Woolcott JC, et al. Meta-analysis of the Impact of 9 Medication Classes on Falls in Elderly Persons. Arch Intern Med. 2009;169(21):1952-1960. Available at: http://archinte.ama-assn.org/cgi/content/full/169/21/1952. Accessed Oct. 17, 2011.
A hospital-acquired infection (HAI), also referred to as a nosocomial infection, is a disease or infection acquired during the course of treatment at a medical facility which was not previously present in the patient. The infection often presents within 48 hours of admission, but infections which present after discharge are also considered HAIs if the pathogen was acquired during treatment.
The World Health Organization estimates that around 8.7 percent of hospital patients worldwide have an HAI at any given time. In the United States, 1 out of 20 hospitalized patients contract HAIs and 100,000 die each year, but as of 2010 only 27 states have laws requiring hospitals to report their rates of infection. For patients, the cost of an HAI is high; the length of the hospital stay increases by 7-9 days, and they pay $40,000 more on average. For the healthcare system as a whole, HAIs add between $4.5 and $5.7 billion each year.
The three most common types of HAIs are:
- Catheter-related bloodstream infections: Catheter-related bloodstream infections, or CRBSIs, are among the most common infections in ICU patients. They occur when bacteria and other germs travel down a “central line” and enter the bloodstream. Symptoms include fever and chills, and frequently, the skin around the catheter becomes sore and red. It is estimated that 70 percent of hospital-acquired bloodstream infections occur in patients with venous catheters. CRBSIs have been estimated to occur in 3 to 7 percent of catheters used, and affect more than 200,000 patients in the United States annually. Previous studies have shown these infections to be associated with attributable mortality, length of hospital stay, and cost. Assuming a nosocomial infection rate of 5 percent, of which 10 percent are bloodstream infections, and an attributable mortality rate of 15 percent, bloodstream infections would represent the eighth leading cause of death in the United States.

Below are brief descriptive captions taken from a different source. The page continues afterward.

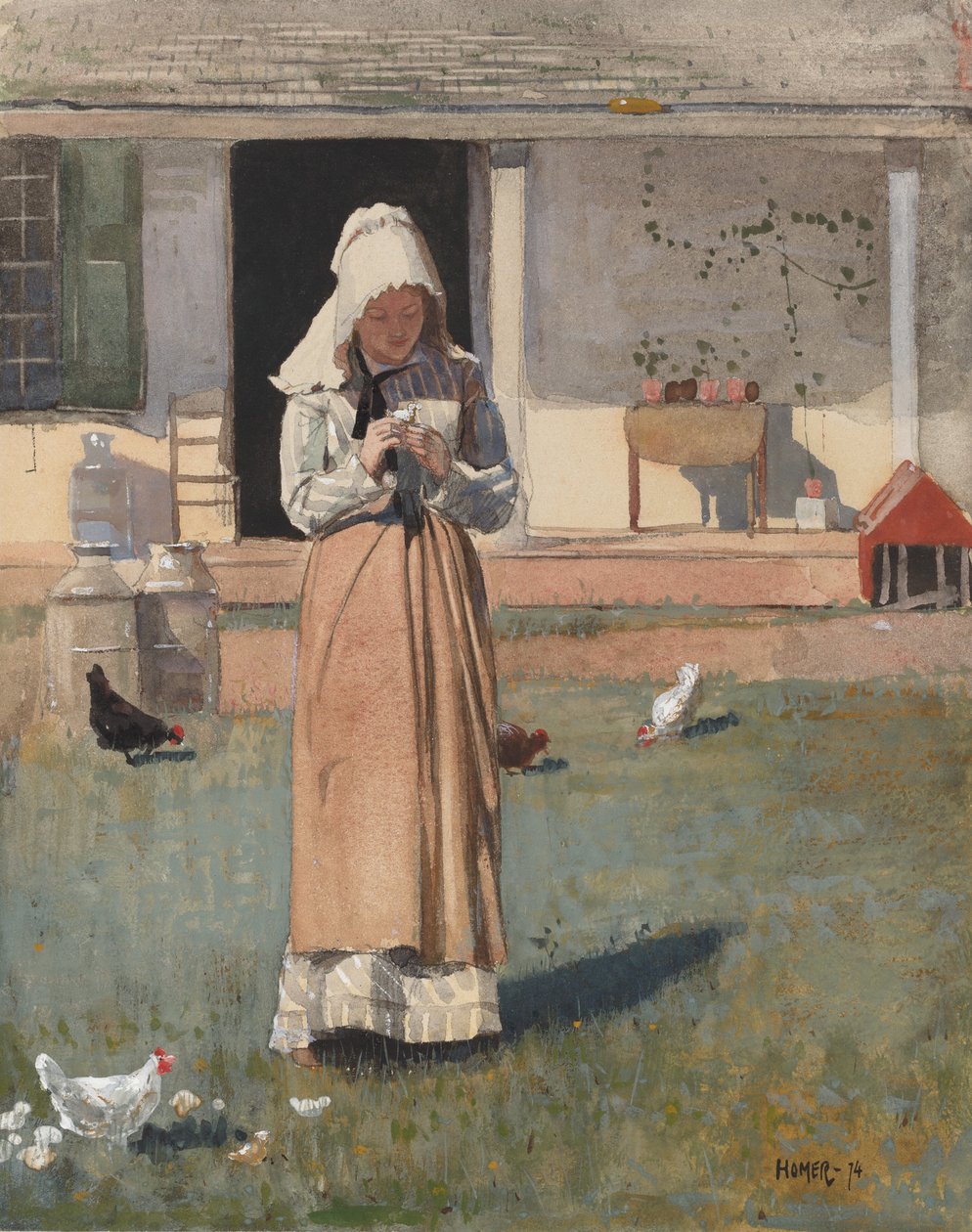 En syk kylling, 1874. av Winslow Homer
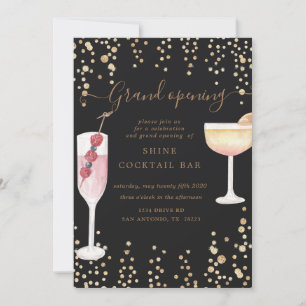 bläserne Cocktails glänzen große Öffnung Einladung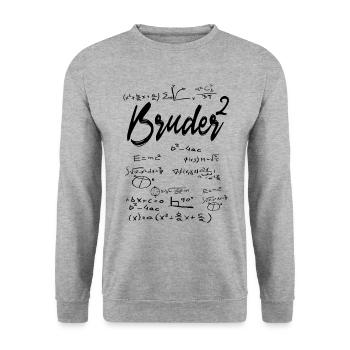 Bruder hoch 2 Bruder Quadrat Zwillinge Physiker - Unisex Pullover - Weißgrau meliert - Vorne - Alina (178cm) & Michal (187cm)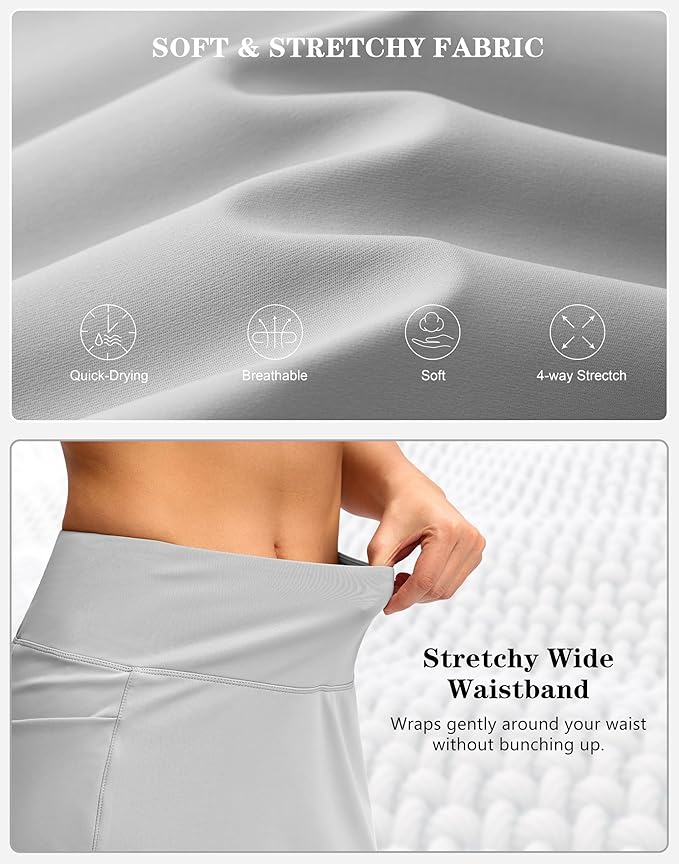 Women's Golf Skirts Skort 4 Side Pockets High Waisted Stretchy Tennis Skirt with Short Athletic Casual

- Hospital-acquired pneumonia: Hospital-acquired pneumonia (HAP) is an infection of the lungs that occurs 48 hours or longer after admission to a hospital. This pneumonia tends to be more serious because patients in the hospital are often sicker and unable to fight off germs. Hospital-acquired pneumonia occurs more often in patients who are using a respirator machine to help them breathe. VAP, or ventilator-associated pneumonia is a subtype of HAP and it develops 48 hours or longer after ventilation is given by means of an endotracheal tube or tracheotomy. There are several risk factors and prevalent conditions for developing this type of pneumonia. They include alcoholism, aspiration, chest surgery, immunosuppression, old age, recent illness, and chronic lung disease. Common symptoms include coughing, fever, chills, fatigue, malaise, headache, loss of appetite, nausea and vomiting, shortness of breath, and sharp or stabbing chest pain that gets worse with deep breathing or coughing. Rarer symptoms include excessive sweating and joint or muscle stiffness. HAP is the second most common nosocomial infection. HAP increases a patient’s hospital stay by approximately 7 to 9 days and can increase hospital costs by an average of $40,000 per patient.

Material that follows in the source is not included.